Memory, New York, 8 years ago
Jesse sat at the bar with a glass in front of her and a bottle next to it. Real bourbon, expensive as hell. The bartender looked skeptical when she'd asked for the whole bottle, but she paid up front. So far she'd drank two glasses in an hour. A man sat next to her, an older gentleman, maybe in his fifties, maybe a little odler. He'd ordered whiskey, another old man buying real booze instead of synthetic or some beer.
"Bourbon? Not many people know what that is anymore." The man smiled. Jesse looked over at him, shots of grey in his haird. She looked half his age but he knew immediately she was older than her apparent thirty-something.

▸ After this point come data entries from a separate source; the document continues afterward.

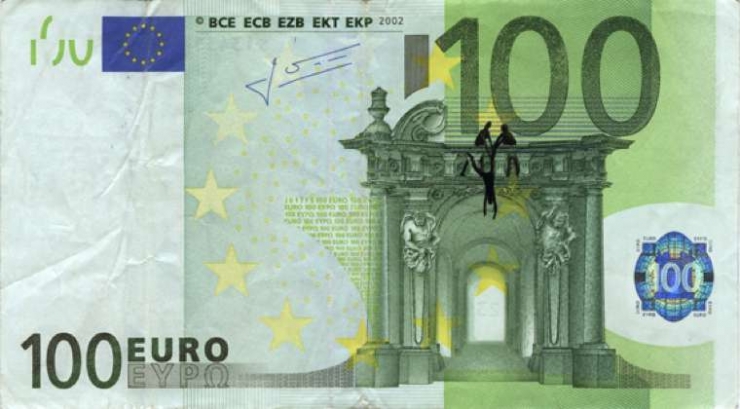 Illustration de l'article : Ce que cet artiste fait avec ces billets de banque en raison de la crise financi&egrave;re est incroyable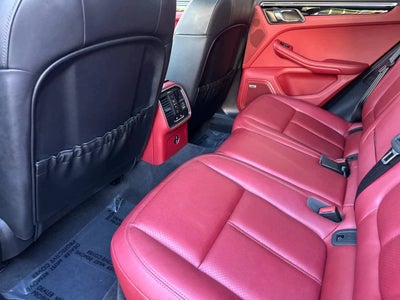 2022 Porsche Macan AWD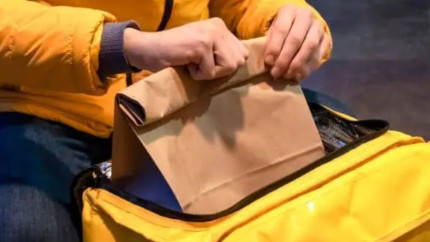ANPC vrea să introducă în Clasificarea Ocupaţiilor din România ocupația de livrator de hrană diferită de cea de curier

The little things give it away, like real bourbon instead of some flashy new drink.
"It kills the pain."
"Medicine Drink." He said sipping his own drink. "Good for both patient and doctor."

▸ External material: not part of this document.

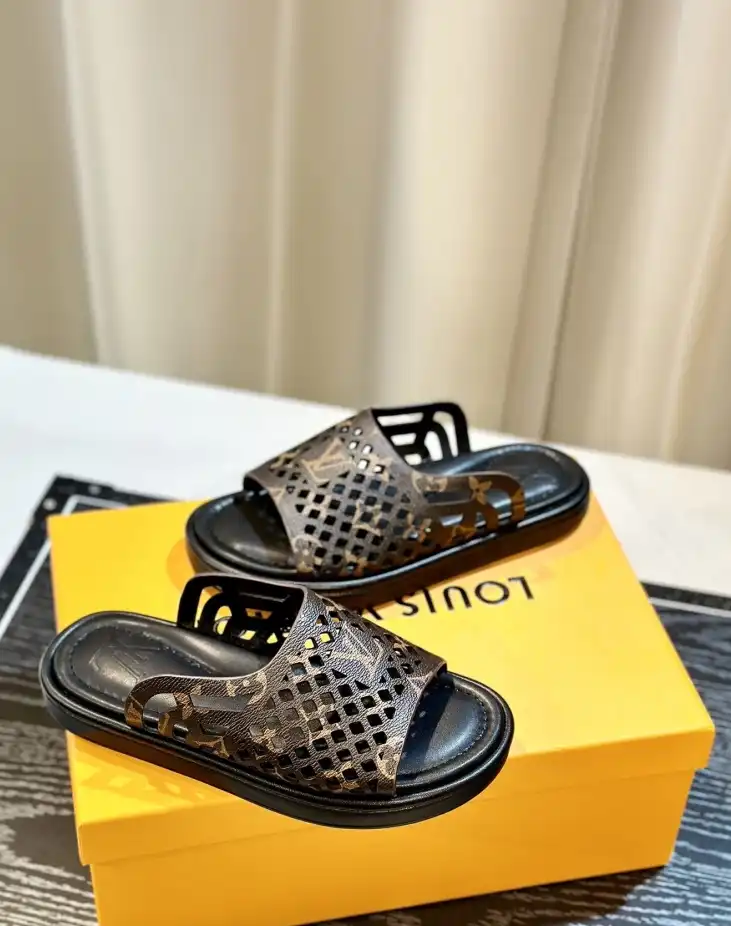 hype LV Slippers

"Sterilizes to, in a pinch." She smiled.
"burns like all hell on a wound." He said, with a knowing wink. "So, who's the patient tonight?"
"History." She said, draining the glass and pouring another.
"Ah, they say never to drink when you're down." He looked at his half empty glass, "They don't always know what they're talking about."
"I'm tired of just picking up the pieces." She looked at him, "It never gets put backtogether the way it was before."
"Like a mechanic who puts an engine back together only to find an extra piece leftover." He said, finishing his glass, Jesse noticed grease under his fingernails, "He probably wouldn't have to take it apart if the owner just did some basic maintenance in the first place." He got up, "That's my drink for the night, used to be I could afford a couple." He walked on out of the bar.
Jesse finished the last of her drink, grabbed the bottle and walked out. Maintenance, that's all they needed.
Friday, 0500
She hears the beeping. "What?" She throws one arm over her eyes as the phone built into her ear is answered with a thought.
"It's Shane. I've got everything ready for your return."
"Why do you have to call me and tell me now?" She was rubbing the sleep out of her eyes now, she had the dream again last night.
"Because Richard just flew in with one of his own."
"Yeah?" It hadn't quite struck her what that meant yet.
"She needs a total body rebuild Jesse. She barely made it." Shane's voice was quiet, even.
"Shit!" Jesse was up on a second, "I'll be there in twenty minutes." she turned the phone off as the shower started.
Saturday, 0214
Jesse was exiting an elevator to talk to Richard as he waited in her waiting room. Her heels clicked on the polished linoleum.